Recently, the Hon'ble Supreme Court in State Bank of India & Anr. v. K.S. Vishwanath, (2022) SCC OnLine SC 667, had an opportunity to re-iterate the literature on the subject and it was held as follows: "27. Recently in the case of Nand Kishore Prasad (Supra) after considering other decisions of this Court on judicial review and the power of the High Court in a departmental enquiry and interference with the findings recorded in the departmental enquiry, it is observed and held that the High Court is not a court of appeal over the decision of the authorities holding a departmental enquiry against a public servant. It is further observed and held that the High Court is concerned to determine whether the enquiry is held by an authority competent in that behalf, and according to the procedure prescribed in that behalf, and whether the rules of natural justice are not violated.
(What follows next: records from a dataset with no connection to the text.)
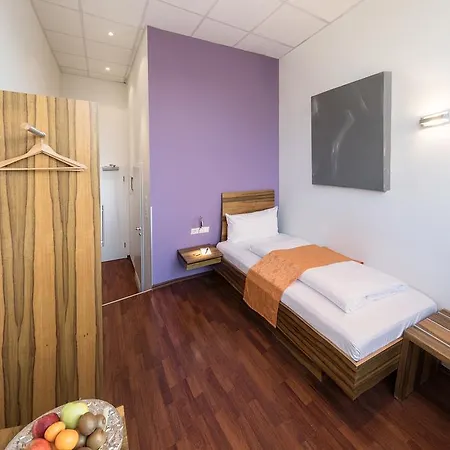 Amh Airport-messe-hotel Stuttgart מלון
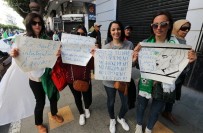 Cezayir'de En Büyük Buteflika Karşıtı Eylem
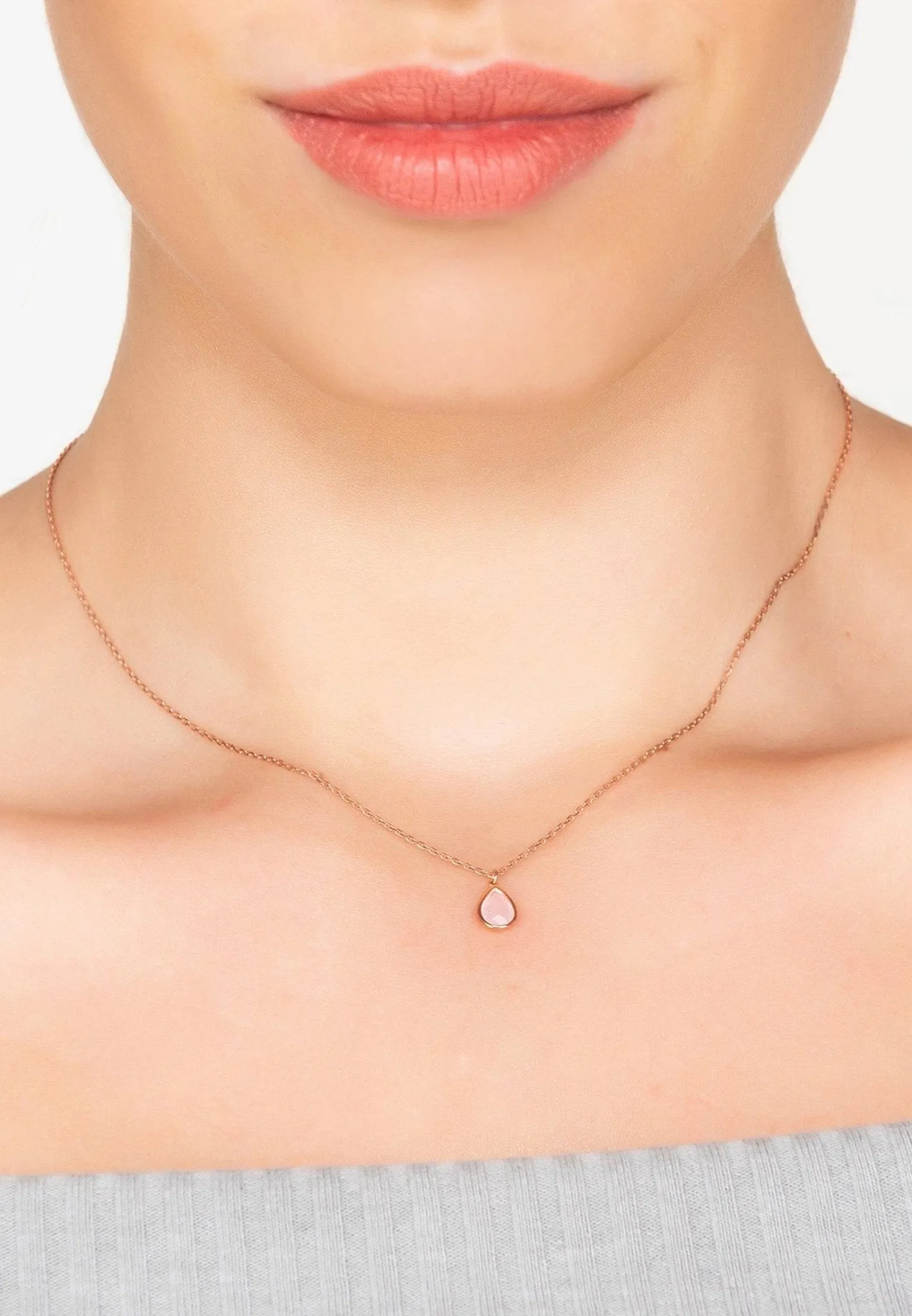 Pisa Mini Teardrop Necklace Dipped in Gold with Rose Quartz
It is further observed that if there is some evidence, that the authority entrusted with the duty to hold the enquiry has accepted and which evidence may reasonably support the conclusion that the delinquent officer is guilty of the charge, it is not the function of the High Court in a petition under Article 226 of the Constitution of India to review/reappreciate the evidence and to arrive at an independent finding on the evidence....." 8. As a sequitur to the aforesaid rules, regulations, guidelines and judicial pronouncements, this Court finds that no interference is warranted in the impugned orders and the petitioner has been rightly punished with the impugned order. 9. This writ petition is accordingly, dismissed.